The station has broadcast its content using the HD Radio digital transmission format since 2005.
Further information on the history of the letters 'KGB' used as a radio station name: KLSD § History
The 101.5 MHz frequency originally signed on the air in 1950 as KSON-FM, owned by Fred Rabel. It is the second-oldest FM station in San Diego; the former KFSD-FM at 94.1 FM (now KMYI) debuted in 1948. Rabel later sold the signal to Brown Broadcasting in 1958. KSON-FM was moved off the KSON (AM) tower on the corner of Highway 15 and Interstate 5, to the new site of sister station KGB (1360 AM, now KLSD) at 52nd Street and Kalmia. KSON-FM's call letters were changed to KGB-FM. In 1964, Brown Broadcasting hired Bill Drake to consult for the new KGB and the format he installed there later became known as "Boss Radio". In 1968, KGB and KGB-FM were separated, and the latter became KBKB, a beautiful music station.
By 1972, Boss Radio on KGB was failing and more focus was being given to KBKB. Brown Broadcasting hired Ron Jacobs to turn around the FM station. Jacobs' first move was to restore the KGB-FM call letters and to drop Boss Radio from 1360 AM. Jacobs created San Diego's first-ever freeform progressive album-oriented rock FM station, further nurtured by station general manager Sonny Jim Price. Among the innovations introduced during this era of KGB-FM is the station's iconic mascot, the "KGB Chicken" (now known as the "San Diego Chicken"), a series of records called the Homegrown albums, and the "Sky Show," a fireworks display set to rock music.

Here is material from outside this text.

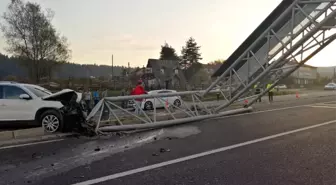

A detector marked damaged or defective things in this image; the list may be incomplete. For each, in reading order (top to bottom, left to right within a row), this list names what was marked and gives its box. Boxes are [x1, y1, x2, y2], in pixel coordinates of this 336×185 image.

damaged white suv [0, 81, 86, 132]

KGB-FM has hosted many of San Diego's most prominent radio and television personalities. Such hosts include Lawrence "Larry The Cruiser" Himmel, Bob "B.C." Coburn, Dave Benson, Damian Bragdon, Gabriel Wisdom, Erik Thompson, Jim McInnes, Rick Leibert, Patrick Martin, Larry Bruce, Bill Hergonson, Ernesto Gladden, Ted Edwards, Linda McInnes, Digby Welch, Kevin McKeown, Pamela Edwards, Brian Schock, Susan Hemphill, John Leslie, Andrew "Long Tall Andy" Geller, Blair and Kymythy Schultz, Phil Hendrie, Jeff Prescott, Michael Berger, Susan "Sue" Delaney, Coe Lewis, "Steve-o", Cynthia "Spicy Cindy" Spicer, Ted "The Chicken" Giannoulas, and Mojo Nixon. KGB-FM news director Brad Messer along with Brent Seltzer were the original 'NEWS BROTHERS' producing the highest ratings with their Mid Day News & Comment. Others reading the news included Gerry Gazlay, and George Wilson.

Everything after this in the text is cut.